[Task directions]: Begin at the line containing "nico rivera online" in the entries below and end at the line containing "M3A - Villa Rosmarino Porto Mannu Palau"; transcribe that range exactly and nothing outside it.

#### Records shown ####

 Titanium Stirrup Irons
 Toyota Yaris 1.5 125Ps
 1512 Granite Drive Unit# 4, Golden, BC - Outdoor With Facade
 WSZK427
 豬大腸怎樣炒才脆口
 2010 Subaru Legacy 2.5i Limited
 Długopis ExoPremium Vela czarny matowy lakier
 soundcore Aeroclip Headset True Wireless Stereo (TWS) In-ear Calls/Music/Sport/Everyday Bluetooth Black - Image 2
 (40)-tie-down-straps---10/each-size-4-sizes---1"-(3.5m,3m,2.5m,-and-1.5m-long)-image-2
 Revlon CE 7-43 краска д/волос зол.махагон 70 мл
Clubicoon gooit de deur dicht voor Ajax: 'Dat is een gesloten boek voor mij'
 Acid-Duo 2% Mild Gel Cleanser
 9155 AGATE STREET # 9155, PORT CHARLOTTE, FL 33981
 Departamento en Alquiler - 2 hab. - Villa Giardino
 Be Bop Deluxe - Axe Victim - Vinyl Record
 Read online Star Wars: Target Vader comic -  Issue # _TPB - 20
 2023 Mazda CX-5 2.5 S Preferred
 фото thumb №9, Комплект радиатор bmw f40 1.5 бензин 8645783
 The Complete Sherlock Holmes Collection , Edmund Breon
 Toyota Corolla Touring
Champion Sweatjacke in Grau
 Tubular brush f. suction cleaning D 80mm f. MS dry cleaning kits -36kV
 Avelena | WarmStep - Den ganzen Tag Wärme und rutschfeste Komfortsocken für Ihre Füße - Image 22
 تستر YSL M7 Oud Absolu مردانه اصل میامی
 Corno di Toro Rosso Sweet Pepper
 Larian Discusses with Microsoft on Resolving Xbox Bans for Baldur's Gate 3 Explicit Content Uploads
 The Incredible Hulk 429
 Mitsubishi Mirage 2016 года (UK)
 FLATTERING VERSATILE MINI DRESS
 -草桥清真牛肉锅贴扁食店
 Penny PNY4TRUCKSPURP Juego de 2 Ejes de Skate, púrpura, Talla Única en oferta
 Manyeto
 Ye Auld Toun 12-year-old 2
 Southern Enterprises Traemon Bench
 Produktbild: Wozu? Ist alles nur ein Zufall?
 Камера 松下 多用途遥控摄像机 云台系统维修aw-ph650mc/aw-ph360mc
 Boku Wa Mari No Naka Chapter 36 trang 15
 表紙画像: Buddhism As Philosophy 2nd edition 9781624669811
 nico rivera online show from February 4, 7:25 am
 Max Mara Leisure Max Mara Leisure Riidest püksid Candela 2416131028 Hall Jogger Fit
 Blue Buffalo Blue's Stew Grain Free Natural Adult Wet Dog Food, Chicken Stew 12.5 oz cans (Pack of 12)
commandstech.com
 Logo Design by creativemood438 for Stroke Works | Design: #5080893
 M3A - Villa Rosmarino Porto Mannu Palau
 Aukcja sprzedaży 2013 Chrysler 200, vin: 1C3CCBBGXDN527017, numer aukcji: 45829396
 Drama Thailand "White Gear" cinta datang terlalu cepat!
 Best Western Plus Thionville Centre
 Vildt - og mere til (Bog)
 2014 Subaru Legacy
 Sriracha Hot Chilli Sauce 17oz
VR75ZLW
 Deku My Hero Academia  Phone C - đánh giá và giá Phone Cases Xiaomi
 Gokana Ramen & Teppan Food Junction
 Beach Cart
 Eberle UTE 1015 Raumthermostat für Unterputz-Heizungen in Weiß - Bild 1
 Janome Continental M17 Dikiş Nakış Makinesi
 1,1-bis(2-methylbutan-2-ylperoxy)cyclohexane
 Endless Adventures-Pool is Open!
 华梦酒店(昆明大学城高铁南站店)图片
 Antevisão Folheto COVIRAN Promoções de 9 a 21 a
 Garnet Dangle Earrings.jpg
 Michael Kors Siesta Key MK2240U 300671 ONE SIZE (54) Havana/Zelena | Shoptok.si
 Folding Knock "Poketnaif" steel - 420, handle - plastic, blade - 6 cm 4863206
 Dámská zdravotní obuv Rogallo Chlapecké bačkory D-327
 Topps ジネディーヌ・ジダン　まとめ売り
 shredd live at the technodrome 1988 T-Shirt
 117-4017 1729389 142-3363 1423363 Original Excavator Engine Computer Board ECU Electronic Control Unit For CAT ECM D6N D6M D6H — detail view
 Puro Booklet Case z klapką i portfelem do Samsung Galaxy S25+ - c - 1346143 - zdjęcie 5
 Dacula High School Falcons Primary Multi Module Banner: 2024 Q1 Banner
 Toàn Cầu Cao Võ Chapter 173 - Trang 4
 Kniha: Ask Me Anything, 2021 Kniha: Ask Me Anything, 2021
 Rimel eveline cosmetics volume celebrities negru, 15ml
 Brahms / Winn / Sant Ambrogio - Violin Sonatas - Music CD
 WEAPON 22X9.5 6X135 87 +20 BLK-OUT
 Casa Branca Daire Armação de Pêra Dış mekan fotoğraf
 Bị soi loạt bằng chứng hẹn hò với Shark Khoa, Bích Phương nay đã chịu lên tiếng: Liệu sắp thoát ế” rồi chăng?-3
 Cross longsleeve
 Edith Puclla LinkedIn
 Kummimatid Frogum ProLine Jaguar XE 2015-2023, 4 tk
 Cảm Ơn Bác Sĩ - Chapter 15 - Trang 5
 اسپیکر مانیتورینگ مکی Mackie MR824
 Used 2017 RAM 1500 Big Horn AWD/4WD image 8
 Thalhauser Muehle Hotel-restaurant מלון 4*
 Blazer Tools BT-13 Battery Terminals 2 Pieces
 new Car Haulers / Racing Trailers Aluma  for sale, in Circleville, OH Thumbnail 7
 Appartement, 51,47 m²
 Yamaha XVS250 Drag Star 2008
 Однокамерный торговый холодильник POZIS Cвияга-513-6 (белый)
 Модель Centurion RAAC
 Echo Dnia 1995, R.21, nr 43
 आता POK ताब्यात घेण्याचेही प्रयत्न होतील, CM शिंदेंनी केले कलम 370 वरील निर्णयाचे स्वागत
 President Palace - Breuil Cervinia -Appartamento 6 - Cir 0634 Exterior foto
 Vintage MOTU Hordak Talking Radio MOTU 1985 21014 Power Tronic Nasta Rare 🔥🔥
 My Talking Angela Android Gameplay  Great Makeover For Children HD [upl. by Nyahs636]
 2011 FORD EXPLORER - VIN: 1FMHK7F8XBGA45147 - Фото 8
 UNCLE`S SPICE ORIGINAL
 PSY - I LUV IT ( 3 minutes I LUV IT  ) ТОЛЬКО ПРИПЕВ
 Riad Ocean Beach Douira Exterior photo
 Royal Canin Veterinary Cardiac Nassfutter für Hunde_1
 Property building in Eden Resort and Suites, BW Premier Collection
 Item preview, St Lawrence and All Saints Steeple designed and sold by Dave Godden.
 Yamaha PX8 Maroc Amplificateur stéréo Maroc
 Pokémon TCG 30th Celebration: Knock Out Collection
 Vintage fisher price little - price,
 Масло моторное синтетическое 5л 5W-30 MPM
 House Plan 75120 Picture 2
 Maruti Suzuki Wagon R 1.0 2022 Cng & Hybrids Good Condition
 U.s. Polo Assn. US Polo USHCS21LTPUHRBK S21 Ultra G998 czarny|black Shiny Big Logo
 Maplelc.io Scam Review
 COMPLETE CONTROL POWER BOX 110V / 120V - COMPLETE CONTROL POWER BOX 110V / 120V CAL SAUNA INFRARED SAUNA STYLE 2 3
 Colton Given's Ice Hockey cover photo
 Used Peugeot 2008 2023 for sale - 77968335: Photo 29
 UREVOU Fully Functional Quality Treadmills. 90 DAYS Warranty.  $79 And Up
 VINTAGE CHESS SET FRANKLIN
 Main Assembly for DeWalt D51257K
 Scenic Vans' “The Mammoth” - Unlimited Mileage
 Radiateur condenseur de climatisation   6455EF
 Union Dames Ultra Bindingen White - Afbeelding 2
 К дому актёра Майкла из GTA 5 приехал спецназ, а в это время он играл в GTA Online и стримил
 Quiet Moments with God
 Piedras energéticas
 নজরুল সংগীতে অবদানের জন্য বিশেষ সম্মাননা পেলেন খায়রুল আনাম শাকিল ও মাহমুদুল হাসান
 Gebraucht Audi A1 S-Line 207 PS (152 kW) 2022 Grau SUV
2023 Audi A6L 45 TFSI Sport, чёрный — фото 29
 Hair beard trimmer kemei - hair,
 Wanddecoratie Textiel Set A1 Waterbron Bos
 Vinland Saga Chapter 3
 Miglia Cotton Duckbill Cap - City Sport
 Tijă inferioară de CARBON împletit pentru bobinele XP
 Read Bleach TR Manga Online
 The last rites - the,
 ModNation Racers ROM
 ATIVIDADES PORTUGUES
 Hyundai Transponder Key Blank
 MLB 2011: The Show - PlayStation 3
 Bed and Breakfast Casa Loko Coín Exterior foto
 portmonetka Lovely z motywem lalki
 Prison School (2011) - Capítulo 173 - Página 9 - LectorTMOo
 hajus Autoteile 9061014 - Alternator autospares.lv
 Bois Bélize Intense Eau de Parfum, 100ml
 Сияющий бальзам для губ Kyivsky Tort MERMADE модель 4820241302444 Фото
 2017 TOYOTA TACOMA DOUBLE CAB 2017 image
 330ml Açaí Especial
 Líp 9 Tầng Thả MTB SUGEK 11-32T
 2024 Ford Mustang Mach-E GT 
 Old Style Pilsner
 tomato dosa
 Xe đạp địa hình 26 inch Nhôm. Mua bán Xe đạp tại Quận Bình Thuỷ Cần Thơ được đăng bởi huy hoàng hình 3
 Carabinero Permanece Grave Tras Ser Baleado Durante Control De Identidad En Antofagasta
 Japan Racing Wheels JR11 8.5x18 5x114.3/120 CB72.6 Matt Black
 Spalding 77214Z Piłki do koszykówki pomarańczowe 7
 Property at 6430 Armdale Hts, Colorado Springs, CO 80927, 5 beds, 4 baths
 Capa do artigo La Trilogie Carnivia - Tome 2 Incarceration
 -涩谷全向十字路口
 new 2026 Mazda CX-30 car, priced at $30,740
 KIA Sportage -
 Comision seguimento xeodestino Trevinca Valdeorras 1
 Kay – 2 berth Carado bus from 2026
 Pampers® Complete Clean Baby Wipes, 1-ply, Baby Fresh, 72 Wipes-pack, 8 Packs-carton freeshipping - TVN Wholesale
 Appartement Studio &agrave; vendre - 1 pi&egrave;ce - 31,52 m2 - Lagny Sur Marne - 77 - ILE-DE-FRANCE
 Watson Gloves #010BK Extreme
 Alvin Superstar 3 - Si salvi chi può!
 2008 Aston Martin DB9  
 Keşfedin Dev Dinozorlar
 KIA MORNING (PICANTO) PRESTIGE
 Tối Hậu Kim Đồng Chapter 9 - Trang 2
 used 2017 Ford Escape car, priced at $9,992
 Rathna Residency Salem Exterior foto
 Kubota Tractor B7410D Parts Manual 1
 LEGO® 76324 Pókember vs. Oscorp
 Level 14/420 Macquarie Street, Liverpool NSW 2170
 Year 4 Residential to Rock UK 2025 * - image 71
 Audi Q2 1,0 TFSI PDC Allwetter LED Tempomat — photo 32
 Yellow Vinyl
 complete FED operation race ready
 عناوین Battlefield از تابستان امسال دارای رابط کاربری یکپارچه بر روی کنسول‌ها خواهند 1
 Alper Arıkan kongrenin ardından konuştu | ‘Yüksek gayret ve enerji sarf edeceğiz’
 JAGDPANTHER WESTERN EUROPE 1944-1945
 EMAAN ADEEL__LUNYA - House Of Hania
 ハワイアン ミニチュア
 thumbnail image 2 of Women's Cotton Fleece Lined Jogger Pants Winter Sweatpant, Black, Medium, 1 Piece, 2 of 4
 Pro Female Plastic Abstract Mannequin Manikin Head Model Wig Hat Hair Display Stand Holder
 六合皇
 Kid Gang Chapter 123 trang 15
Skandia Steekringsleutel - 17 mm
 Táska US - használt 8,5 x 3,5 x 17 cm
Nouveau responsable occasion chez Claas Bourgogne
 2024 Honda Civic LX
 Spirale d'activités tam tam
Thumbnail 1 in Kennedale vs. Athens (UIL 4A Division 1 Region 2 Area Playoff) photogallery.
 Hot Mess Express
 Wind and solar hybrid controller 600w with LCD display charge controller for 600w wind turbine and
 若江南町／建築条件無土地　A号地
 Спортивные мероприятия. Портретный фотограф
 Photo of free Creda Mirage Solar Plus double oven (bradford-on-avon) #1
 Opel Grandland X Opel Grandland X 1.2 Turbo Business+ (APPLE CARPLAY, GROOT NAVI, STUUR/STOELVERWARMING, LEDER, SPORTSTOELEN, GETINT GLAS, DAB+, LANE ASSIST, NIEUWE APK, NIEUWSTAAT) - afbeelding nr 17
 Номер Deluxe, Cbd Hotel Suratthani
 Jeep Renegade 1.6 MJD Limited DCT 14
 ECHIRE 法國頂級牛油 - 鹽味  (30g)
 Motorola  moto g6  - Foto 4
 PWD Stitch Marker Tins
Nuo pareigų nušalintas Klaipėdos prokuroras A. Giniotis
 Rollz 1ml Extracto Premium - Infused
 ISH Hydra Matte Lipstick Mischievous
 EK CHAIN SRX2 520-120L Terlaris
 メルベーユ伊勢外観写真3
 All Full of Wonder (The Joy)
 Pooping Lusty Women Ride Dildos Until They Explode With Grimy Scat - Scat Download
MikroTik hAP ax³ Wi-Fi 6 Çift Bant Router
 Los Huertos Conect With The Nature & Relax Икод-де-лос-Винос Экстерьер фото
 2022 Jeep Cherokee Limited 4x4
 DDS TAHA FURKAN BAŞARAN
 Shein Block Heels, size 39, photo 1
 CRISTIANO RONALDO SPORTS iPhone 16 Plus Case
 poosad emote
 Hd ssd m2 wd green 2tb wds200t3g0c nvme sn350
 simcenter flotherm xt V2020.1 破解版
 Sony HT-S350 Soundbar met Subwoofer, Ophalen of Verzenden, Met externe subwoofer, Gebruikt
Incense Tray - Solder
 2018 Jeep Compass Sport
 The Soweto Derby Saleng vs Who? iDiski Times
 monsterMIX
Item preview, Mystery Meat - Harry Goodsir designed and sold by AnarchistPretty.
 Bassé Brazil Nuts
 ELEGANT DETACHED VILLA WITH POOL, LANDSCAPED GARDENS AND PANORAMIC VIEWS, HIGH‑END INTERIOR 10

####

[Result of this task]:
 nico rivera online show from February 4, 7:25 am
 Max Mara Leisure Max Mara Leisure Riidest püksid Candela 2416131028 Hall Jogger Fit
 Blue Buffalo Blue's Stew Grain Free Natural Adult Wet Dog Food, Chicken Stew 12.5 oz cans (Pack of 12)
commandstech.com
 Logo Design by creativemood438 for Stroke Works | Design: #5080893
 M3A - Villa Rosmarino Porto Mannu Palau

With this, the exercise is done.